Sunday, February 05, 2006

Pangza's Anniversary

Three years ago on this day, Pangza was married; and so did Sister Three (a.k.a. Six Crawl). Sounds much of a coincidence, unless it was not. (For the record, it was 2/4/2003)

Today the couple wanted to have a romantic dinner, without Max around. Was a dinner enough? No fruits? They did spend more than 3 hrs on fruits and kept us waiting for that long before the big day. With such an obsessiveness for fruits, it's amazing to see them returning in 2 hrs, straight from dinner and no leeway whatsoever.

The night after dinner was pretty much eventless. The big gang gathered in front of a 17" monitor and watched a movie, after which a subtle atmosphere of amour inevitably grew in the room ...

Music Night

While I'm alone, I start to try something new. Wife is pretty skittish about sounds when sleeping, whereas I am not. Therefore, I start to put music on throughout the night, although weekends only.

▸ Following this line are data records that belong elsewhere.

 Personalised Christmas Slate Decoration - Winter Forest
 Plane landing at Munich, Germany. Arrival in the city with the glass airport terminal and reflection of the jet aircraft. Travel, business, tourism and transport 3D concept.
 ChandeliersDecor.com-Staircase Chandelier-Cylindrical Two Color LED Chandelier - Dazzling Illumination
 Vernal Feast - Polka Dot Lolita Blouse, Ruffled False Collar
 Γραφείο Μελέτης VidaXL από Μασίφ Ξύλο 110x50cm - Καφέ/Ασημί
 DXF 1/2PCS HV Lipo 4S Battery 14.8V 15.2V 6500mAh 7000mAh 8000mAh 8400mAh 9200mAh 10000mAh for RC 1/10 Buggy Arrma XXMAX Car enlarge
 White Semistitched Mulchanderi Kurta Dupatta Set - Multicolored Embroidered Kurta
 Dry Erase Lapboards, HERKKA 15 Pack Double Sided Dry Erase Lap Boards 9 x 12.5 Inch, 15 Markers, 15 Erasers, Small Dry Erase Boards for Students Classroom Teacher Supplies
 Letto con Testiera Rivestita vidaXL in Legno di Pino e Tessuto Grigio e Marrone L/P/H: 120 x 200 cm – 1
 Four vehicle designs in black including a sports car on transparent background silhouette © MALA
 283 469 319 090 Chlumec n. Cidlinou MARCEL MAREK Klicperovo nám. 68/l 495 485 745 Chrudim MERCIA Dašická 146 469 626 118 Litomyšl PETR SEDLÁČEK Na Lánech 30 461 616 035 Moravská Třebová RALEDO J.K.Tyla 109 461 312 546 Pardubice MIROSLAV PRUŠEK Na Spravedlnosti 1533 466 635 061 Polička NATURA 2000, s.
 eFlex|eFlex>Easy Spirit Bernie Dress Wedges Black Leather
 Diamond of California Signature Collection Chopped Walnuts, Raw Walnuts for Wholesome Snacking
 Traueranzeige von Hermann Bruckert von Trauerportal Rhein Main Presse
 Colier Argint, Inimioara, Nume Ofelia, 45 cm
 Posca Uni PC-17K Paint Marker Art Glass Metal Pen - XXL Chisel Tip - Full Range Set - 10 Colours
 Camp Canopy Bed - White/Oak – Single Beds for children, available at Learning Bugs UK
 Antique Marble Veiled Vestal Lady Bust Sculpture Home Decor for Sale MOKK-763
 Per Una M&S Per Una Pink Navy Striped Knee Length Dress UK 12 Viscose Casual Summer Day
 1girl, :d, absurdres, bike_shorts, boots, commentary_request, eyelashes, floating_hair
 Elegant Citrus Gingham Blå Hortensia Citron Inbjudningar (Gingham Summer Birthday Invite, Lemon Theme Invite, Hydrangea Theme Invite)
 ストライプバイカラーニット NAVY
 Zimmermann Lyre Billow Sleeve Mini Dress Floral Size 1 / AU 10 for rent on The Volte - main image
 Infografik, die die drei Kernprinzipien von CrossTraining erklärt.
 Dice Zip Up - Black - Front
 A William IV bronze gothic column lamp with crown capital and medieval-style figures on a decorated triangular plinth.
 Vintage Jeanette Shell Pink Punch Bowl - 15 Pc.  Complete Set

That is a gorgeous experience.

There is a long play list for this, and all tracks are classic music. My favorite musical instrument being classical guitar, music in that is dominant, followed by violin and cello. Pop or country music cannot get into this list, as they don't feel as fluent most of the time, and I don't want to be suddenly waken up by the drummer's impromptu. After several nights' fine tuning (not much), this list is just the right recipe to sooth me into a hypnotized state, and to gently pull me back to reality in the morning with the perfect touch of harmony. The only sadness is that I never have the chance to get the taste of tracks in the middle hours, unless I get up for the bathroom trip which I rarely rarely do.

I remember the years when I had the radio on for the whole long nights from time to time. I'm not sure what the music did or does to my sleep; but in those timeless tunes, my thoughts could just wander into any borderless ecstacy. Finding this neverland again is like getting into touch with a long lost friend, so familiar yet much more to explore.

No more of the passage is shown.